5.5. Gut Microbiota and Anorexia Nervosa
Anorexia nervosa (AN), recognized as the most severe eating disorder, predominantly impacts adolescent females (up to 4%) and a smaller percentage of males (up to 0.3%) [131,132]. This condition is marked by a significantly low body weight resulting from restrictive behaviors that are not related to food availability or other medical issues [133] (World Health Organization, 2018). Besides genetic predisposition, psychosocial and interpersonal elements may initiate the disorder, while changes in neural circuits contribute to its persistence [134]. Given its primary focus on nutrition, AN significantly influences the gut microbiome. Numerous studies have indicated a decrease in alpha diversity among AN patients compared to healthy individuals, even during various stages of refeeding [135,136,137]. Methanobrevibacter smithii has often been identified in greater abundance in AN cases and shows a negative correlation with BMI. Other microbial changes include a reduction in Roseburia, Ruminococcus, and Clostridium, along with variations in short-chain fatty acids (SCFAs) such as butyrate and propionate, which are associated with anxiety and metabolic indicators [138]. Individuals with AN also exhibit lower levels of neurotransmitters and metabolites, including serotonin, dopamine, GABA, and acetate [139], although the precise connection to microbiota is still not fully understood. Variations in microbial composition have also been noted between restrictive and binge-purging types of AN, indicating that microbiota profiles may differ by subtype [139]. Importantly, alpha diversity appears to improve following short-term weight recovery, although beta diversity may still differ from that of healthy individuals [140]. These observations bolster the increasing interest in probiotic and microbiome-based treatments for adolescents suffering from AN [141].

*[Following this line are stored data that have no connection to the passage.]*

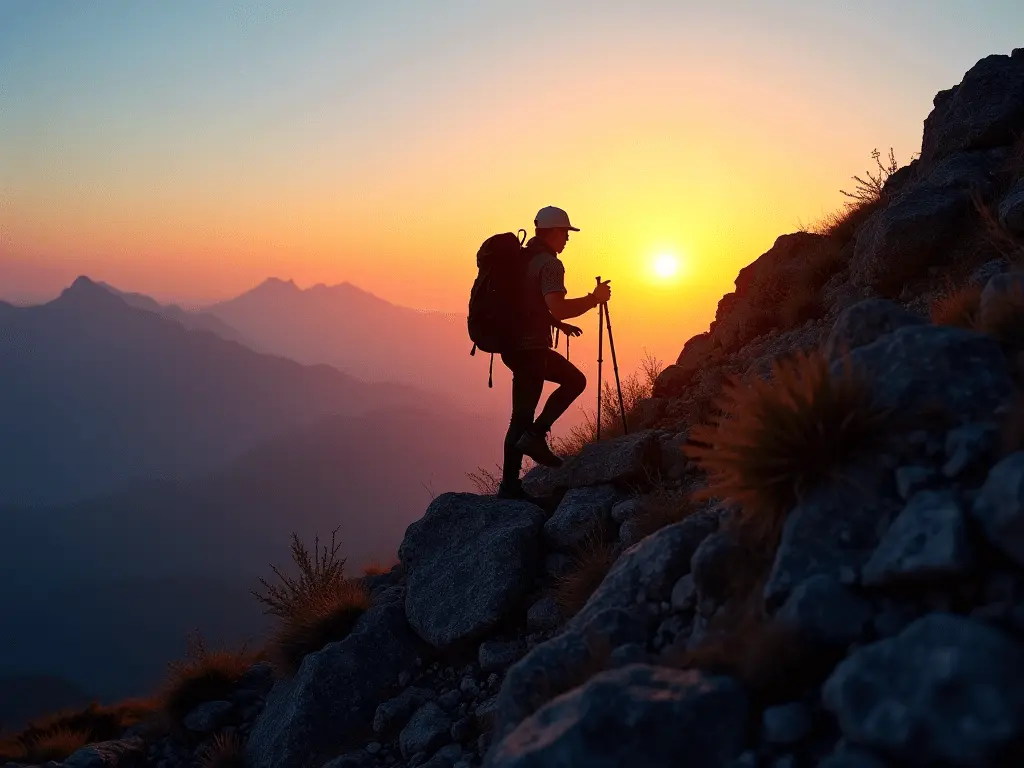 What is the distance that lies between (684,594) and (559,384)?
482 cm

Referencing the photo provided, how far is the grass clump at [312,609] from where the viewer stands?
27.2ft

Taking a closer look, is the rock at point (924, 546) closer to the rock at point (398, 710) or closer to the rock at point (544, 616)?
the rock at point (544, 616)

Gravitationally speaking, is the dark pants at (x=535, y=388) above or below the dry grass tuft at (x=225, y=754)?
above

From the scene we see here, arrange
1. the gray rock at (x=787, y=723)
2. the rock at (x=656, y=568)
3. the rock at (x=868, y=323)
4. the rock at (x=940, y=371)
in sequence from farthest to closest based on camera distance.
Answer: the rock at (x=868, y=323), the rock at (x=656, y=568), the rock at (x=940, y=371), the gray rock at (x=787, y=723)

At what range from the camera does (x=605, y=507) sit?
778cm

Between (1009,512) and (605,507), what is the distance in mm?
5131

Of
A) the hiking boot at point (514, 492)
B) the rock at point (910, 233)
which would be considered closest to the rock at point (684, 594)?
the hiking boot at point (514, 492)

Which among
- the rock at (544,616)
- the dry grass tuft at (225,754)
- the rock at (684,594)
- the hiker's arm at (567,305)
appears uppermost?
the hiker's arm at (567,305)

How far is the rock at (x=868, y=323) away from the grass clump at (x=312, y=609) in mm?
6191

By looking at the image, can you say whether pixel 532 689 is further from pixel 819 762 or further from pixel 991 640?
pixel 991 640

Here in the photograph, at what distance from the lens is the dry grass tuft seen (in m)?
7.61

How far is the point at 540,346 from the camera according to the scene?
27.0 feet

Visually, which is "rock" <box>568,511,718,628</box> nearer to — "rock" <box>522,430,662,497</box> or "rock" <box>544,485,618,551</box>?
"rock" <box>544,485,618,551</box>

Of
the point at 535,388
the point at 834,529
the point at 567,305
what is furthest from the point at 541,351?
the point at 834,529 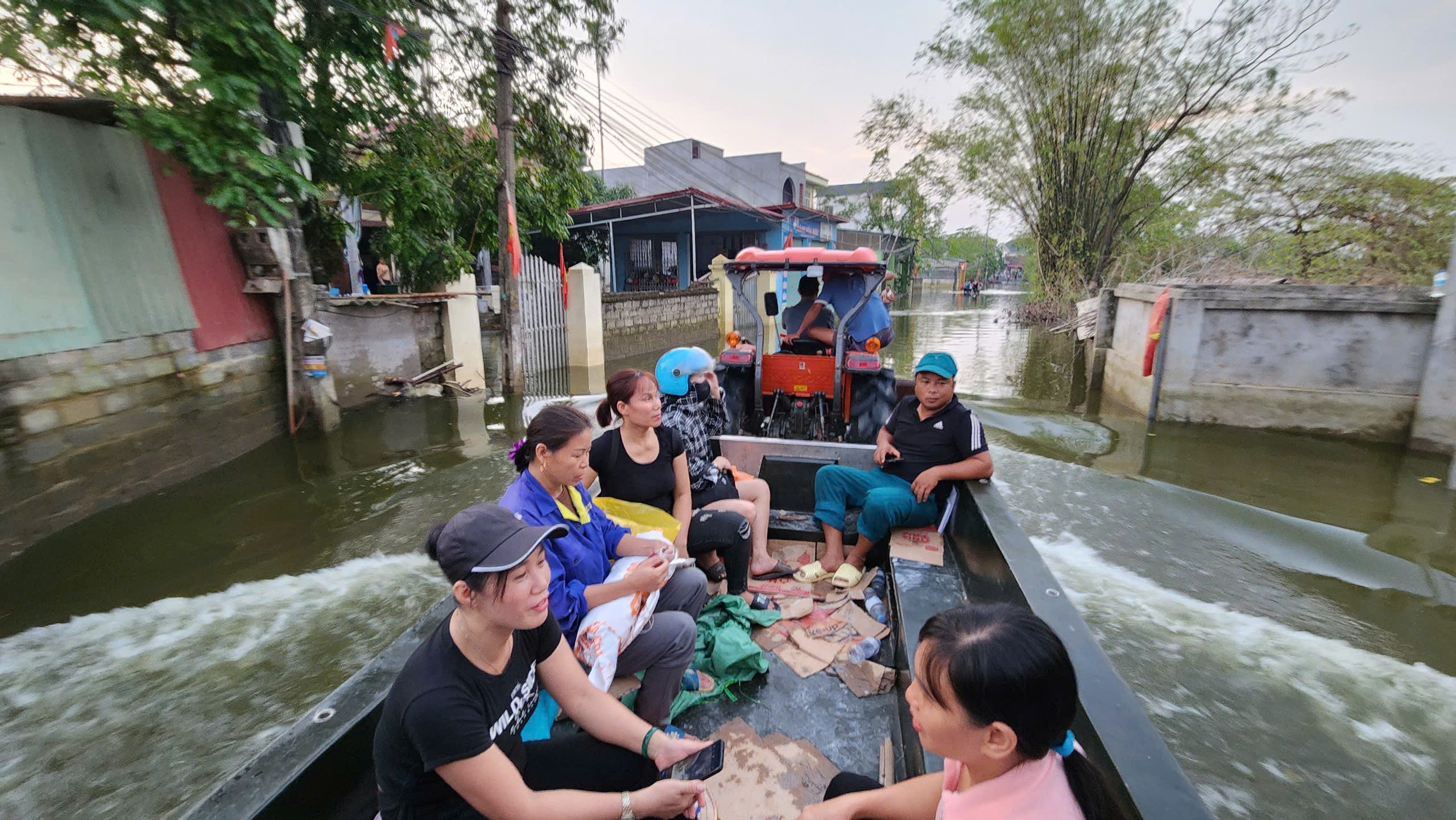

5.6. Gut Microbiota and Social Anxiety
In a longitudinal birth cohort study that tracked children from one month old into their teenage years, researchers utilized the Dirichlet Multinomial Mixtures (DMM) method to analyze gut microbiota patterns during puberty. They identified four unique microbial clusters in children aged 12 to 14 years [142]. One of these clusters, named Puberty_3, stood out due to its notably low levels of Faecalibacterium, which was significantly linked to heightened social anxiety symptoms at age 14 [142]. This connection was further corroborated by a cross-sectional negative correlation between the relative abundance of Faecalibacterium and social anxiety scores, indicating a possible role for this taxon as a microbial marker for anxiety-related psychopathology in early adolescence [142]. Although Puberty_3 also contained higher levels of other genera such as Bifidobacterium, Akkermansia, Subdoligranulum, Christensenellaceae R-7 group, and Dialister, none of these exhibited a statistically significant cross-sectional relationship with social anxiety at age 14, underscoring the particular importance of Faecalibacterium in this scenario [142].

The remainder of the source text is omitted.